Abraham Lincoln: 150 Years After His Assassination by John Wilkes Booth


Abraham Lincoln
Abraham Lincoln was assassinated at Ford’s Theatre in Washington, D.C. on Apr. 14, 1865. This week marked the 150th Anniversary of the 16th President of the United States’ untimely death. His assailant, John Wilkes Booth, was a well-known American stage actor and member of the prominent 19th Century Booth family from Maryland, who made their name in the theatre world. By the 1860s, Booth was not only a very successful actor, but he was also a Confederate sympathizer, who was vehement in his denunciation of Lincoln, and strongly opposed the abolition of slavery in the United States.

These staunch beliefs lead Booth to take the actions he did at Ford’s Theatre on that fateful night in April 1865. Actions that would ultimately alter the course of American history and the political landscape of the nation. Interestingly enough, Lincoln was not only the first U.S. President to be assassinated, but he was also the first elected on the Republican ticket in 1860. The United States quickly progressed into the Civil War, which lasted from 1861-1865. On Apr. 9, 1865, Confederate General Robert E. Lee surrendered to General Ulysses S. Grant of the Union Army, who would later become the 18th President of the United States, at Appomattox Court House in Virginia. Thereby, ending the rift between the North and South that had torn the nation asunder and effectively ending the American Civil War. Just five days later, Lincoln would be shot and killed by Booth.

Apr. 14, 2015 marked the 150th Anniversary of Lincoln’s assassination by John Wilkes Booth. One hundred and fifty years after Booth’s actions, the course of American history and political landscape of the nation has been changed forever. Lincoln’s last day on Earth was much like any other day. “Honest Abe,” as Lincoln was nicknamed, and his wife, Mary Todd, had plans to attend a production of Our American Cousin that evening. At Ford’s Theater, Southern sympathizer and white supremacist Booth fired a single shot from a .44-caliber Derringer. The bullet penetrated Honest Abe’s brain and lodged behind his right eye. The most significant casualty of the U.S. Civil War died the next morning and became the first President of the United States to be murdered while in office.

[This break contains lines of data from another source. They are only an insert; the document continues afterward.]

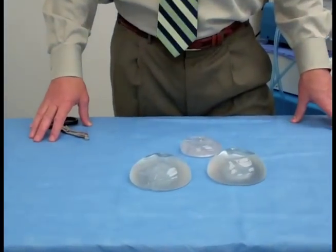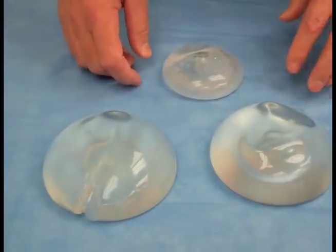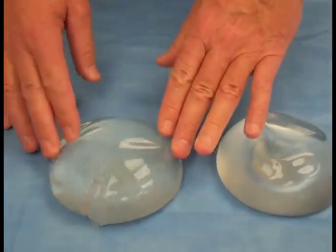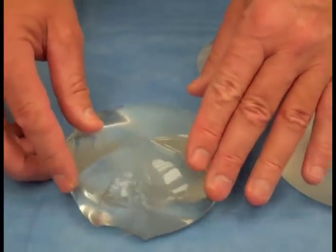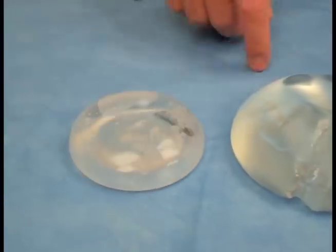If you can focus in here a little bit on these implants, that will be helpful. What I've done is I've removed these implants from a patient, so I'm going to show you what these are all about. I actually took a scissor and cut into this implant here. This is a silicone implant and this here is a saline implant.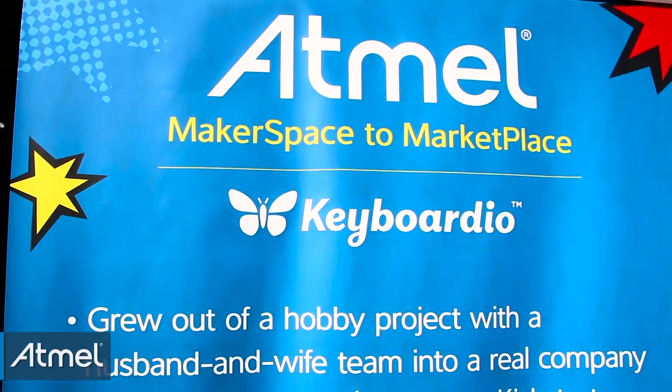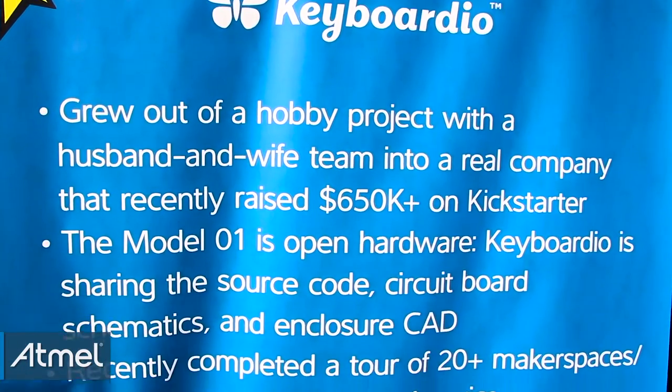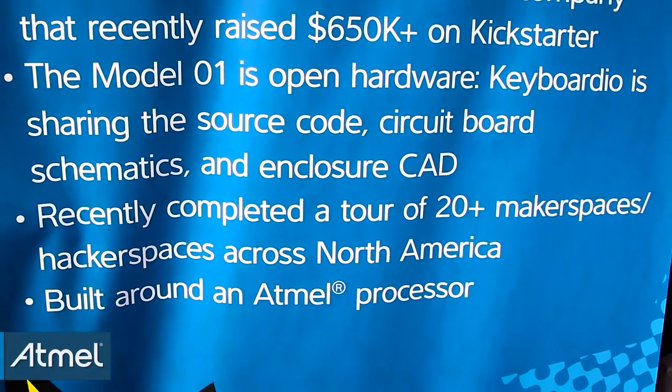Hi, I'm Kaya from Keyboardio. This is the Model 1, our first product. We launched on Kickstarter earlier this summer and today we're at the Newark Maker Faire with Atmel.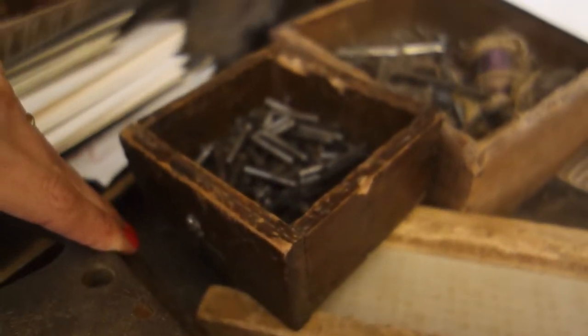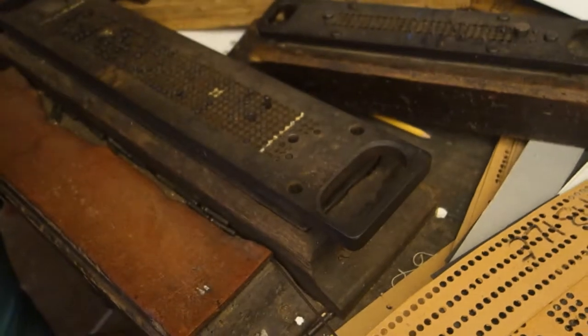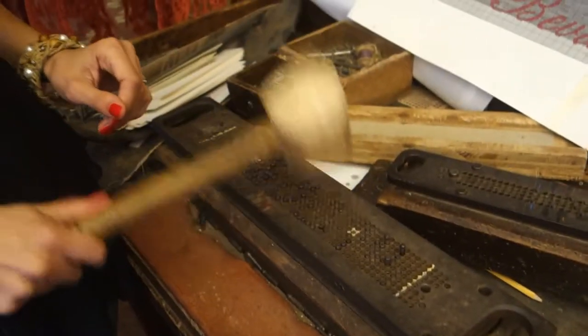And then you open this, you put a new card, you close, and with the hammer — a little bit used — you punch.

Lincoln’s assassination was not the original plan devised by Booth and his conspirators. As the American Civil War entered its final stages, he and several associates hatched a botched plot to kidnap the President of the United States. They planned to take him to Richmond, VA, which was the location of the Confederate capital. However, on Mar. 20, 1865, which was the date of the planned abduction, Lincoln failed to arrive at the location where Booth and his fellow conspirators laid in wait for him. Two weeks later, with the Confederate forces and South in shambles, Booth revised his desperate plan to save the Confederacy. Booth’s new plan involved the simultaneous assassination of Lincoln, Vice President Andrew Johnson, and Secretary of State William H. Seward. By murdering the 16th President of the United States and his two closest successors, Booth and his co-conspirators hoped to throw the U.S. government into chaos.

As this week marked the 150th Anniversary of Abraham Lincoln’s assassination, the untimely death of the 16th President of the United States and the actions of his assailant, John Wilkes Booth, irrevocably changed the course of American history and political landscape of the nation. The search for Booth was one of the largest manhunts in American history, with 10,000 detectives, federal troops, and police mobilized to track down those responsible for Lincoln’s death. On April 26, Union troops surrounded the Virginia farmhouse where Booth and his conspirator, David Herold, were hiding out. During the confrontation, Booth was shot and died three days later from his injuries. Meanwhile, four of Booth’s accomplices were convicted and executed by hanging for their part in Lincoln’s assassination in July of 1865. Two of the conspirators whom paid with their own lives were Herold and Mary Surratt, who was the first female ever executed by the U.S. government. Surratt’s boarding house had served as a meeting place for the would-be kidnappers and debate continues to rage on whether it was in fact Surratt’s son, John, who was the true conspirator involved with Booth and in the plot against Lincoln.